Set down, please, exactly the lines below that run from the line with "fruity28 online show" to the line with "Grau Gebraucht 2006", both lines included.

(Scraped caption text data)

◆ ◆ ◆ ◆ ◆ ◆ ◆

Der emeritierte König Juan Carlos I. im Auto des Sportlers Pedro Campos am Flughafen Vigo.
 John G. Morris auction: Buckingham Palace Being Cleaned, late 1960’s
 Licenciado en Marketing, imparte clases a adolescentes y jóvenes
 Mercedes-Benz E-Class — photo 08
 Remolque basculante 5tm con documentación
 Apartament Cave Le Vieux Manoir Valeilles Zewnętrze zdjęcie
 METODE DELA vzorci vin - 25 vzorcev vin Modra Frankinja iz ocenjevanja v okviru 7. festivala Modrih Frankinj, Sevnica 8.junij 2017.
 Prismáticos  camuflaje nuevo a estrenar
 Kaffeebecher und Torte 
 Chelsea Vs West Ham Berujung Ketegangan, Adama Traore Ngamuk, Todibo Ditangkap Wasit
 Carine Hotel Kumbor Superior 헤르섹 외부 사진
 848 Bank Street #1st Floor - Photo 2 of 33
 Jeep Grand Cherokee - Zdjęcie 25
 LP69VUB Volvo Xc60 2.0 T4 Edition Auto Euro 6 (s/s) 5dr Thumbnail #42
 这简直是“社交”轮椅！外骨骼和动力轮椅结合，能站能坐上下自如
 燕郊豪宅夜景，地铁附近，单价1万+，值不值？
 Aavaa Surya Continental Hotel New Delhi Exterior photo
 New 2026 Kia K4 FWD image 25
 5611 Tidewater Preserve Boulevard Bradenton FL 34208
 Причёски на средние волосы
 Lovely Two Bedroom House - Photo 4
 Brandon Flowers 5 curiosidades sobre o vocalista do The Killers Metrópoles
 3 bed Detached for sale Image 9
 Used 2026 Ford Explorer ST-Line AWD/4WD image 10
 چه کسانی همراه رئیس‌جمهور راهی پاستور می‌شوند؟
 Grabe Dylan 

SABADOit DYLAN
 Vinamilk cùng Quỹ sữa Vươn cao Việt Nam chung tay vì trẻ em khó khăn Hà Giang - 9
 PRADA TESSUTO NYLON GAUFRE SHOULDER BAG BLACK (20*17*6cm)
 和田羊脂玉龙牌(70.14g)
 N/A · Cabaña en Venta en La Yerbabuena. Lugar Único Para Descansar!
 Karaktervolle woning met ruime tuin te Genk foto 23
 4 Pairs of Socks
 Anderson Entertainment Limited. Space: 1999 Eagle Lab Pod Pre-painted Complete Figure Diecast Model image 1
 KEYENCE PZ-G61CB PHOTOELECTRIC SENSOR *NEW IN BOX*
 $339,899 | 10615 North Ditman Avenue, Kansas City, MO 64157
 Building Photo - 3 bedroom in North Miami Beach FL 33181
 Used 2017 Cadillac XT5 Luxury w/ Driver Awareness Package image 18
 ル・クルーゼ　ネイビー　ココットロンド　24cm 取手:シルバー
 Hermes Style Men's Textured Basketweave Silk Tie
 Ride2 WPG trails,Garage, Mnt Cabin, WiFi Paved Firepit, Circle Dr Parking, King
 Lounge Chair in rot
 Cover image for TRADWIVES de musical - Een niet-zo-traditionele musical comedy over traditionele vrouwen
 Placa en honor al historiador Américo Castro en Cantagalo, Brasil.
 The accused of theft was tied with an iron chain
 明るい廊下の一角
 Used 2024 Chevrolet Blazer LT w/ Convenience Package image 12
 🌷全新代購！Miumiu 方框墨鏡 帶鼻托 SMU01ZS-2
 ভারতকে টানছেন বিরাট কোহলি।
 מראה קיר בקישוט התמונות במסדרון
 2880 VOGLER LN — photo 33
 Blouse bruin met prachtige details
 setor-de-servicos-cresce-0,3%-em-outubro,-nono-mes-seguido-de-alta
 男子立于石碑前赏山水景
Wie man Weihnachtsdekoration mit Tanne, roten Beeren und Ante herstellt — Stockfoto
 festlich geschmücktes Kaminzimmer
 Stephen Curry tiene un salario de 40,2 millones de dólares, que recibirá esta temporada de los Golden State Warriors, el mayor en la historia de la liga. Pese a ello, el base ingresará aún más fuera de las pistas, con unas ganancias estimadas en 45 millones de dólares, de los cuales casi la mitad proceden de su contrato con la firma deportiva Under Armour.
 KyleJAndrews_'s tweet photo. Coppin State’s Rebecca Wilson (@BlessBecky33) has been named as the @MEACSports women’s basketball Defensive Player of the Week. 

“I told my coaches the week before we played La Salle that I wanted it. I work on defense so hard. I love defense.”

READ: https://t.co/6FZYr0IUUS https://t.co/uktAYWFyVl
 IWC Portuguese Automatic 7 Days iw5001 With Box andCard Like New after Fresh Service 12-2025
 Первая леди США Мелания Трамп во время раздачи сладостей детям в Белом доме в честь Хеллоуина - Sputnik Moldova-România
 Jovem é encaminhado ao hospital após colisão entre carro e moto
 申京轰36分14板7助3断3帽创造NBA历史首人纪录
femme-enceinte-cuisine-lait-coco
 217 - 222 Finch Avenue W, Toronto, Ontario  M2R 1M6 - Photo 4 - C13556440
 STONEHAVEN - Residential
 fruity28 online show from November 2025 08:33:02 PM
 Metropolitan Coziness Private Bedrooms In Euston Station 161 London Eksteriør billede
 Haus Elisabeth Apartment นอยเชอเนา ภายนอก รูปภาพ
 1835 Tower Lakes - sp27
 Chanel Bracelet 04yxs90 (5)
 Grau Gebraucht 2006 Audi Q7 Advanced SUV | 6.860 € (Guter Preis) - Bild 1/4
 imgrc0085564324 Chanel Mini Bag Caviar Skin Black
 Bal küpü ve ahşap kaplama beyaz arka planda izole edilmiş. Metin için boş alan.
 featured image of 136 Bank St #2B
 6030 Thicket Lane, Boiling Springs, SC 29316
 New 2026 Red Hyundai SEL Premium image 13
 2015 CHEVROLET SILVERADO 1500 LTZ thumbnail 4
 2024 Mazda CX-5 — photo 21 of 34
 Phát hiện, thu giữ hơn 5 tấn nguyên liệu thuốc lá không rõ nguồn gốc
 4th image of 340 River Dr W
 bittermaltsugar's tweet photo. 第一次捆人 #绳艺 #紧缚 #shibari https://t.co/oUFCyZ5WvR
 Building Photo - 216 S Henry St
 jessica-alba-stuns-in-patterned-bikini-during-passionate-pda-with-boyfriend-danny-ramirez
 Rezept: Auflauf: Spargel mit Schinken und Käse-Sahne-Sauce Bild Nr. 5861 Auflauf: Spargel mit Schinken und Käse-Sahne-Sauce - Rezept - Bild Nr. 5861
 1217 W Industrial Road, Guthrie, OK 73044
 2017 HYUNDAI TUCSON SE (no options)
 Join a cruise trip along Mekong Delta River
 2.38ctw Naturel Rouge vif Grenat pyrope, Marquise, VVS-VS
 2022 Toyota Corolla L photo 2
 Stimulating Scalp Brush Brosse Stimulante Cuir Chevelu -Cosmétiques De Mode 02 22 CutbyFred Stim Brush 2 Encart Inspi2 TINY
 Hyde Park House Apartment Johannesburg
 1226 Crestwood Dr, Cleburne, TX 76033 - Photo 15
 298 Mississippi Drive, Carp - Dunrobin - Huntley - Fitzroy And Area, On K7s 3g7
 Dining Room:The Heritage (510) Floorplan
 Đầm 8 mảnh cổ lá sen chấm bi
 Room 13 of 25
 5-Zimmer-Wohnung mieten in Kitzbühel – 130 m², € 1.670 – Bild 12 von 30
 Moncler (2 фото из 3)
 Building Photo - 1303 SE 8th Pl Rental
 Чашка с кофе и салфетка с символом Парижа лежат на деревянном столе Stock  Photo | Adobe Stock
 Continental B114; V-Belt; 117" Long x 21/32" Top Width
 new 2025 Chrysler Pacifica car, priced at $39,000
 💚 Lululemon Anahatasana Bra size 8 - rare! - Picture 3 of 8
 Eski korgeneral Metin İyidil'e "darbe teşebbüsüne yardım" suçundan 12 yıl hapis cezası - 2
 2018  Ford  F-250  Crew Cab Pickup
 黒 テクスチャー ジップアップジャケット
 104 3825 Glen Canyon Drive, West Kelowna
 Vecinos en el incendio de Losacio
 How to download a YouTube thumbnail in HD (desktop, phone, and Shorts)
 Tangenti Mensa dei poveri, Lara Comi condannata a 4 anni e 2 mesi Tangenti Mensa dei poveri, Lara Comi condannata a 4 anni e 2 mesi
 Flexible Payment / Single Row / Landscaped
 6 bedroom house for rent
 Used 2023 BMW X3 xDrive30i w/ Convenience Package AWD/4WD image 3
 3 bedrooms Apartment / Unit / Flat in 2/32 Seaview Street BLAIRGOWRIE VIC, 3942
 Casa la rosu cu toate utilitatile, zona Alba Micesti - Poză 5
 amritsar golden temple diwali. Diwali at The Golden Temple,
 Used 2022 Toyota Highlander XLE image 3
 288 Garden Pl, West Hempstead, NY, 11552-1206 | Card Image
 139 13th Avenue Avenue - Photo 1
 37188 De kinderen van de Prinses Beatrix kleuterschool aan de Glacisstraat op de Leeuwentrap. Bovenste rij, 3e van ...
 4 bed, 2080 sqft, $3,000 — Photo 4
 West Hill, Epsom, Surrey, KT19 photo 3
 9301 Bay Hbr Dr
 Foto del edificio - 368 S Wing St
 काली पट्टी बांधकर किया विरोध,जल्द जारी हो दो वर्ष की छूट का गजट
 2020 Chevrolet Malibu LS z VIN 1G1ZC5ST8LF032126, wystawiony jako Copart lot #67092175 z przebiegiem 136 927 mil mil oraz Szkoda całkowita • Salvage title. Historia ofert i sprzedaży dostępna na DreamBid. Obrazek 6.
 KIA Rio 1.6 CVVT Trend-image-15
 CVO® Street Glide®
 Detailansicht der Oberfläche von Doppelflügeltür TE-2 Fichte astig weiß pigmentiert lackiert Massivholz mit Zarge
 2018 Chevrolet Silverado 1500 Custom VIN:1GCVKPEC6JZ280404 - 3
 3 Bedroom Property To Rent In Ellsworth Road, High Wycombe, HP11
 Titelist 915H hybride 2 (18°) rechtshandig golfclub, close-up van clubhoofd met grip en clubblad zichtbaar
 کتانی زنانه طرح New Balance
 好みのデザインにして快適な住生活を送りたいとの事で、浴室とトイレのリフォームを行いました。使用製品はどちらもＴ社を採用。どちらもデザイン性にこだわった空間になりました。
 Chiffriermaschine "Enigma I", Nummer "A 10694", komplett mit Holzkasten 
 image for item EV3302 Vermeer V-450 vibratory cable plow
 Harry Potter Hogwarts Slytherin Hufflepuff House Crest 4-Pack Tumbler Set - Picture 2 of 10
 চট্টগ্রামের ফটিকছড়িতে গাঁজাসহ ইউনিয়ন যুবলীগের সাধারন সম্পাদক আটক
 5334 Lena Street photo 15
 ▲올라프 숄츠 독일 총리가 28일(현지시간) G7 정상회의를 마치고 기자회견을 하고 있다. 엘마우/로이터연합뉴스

◆ ◆ ◆ ◆ ◆ ◆ ◆

Finished task:
 fruity28 online show from November 2025 08:33:02 PM
 Metropolitan Coziness Private Bedrooms In Euston Station 161 London Eksteriør billede
 Haus Elisabeth Apartment นอยเชอเนา ภายนอก รูปภาพ
 1835 Tower Lakes - sp27
 Chanel Bracelet 04yxs90 (5)
 Grau Gebraucht 2006 Audi Q7 Advanced SUV | 6.860 € (Guter Preis) - Bild 1/4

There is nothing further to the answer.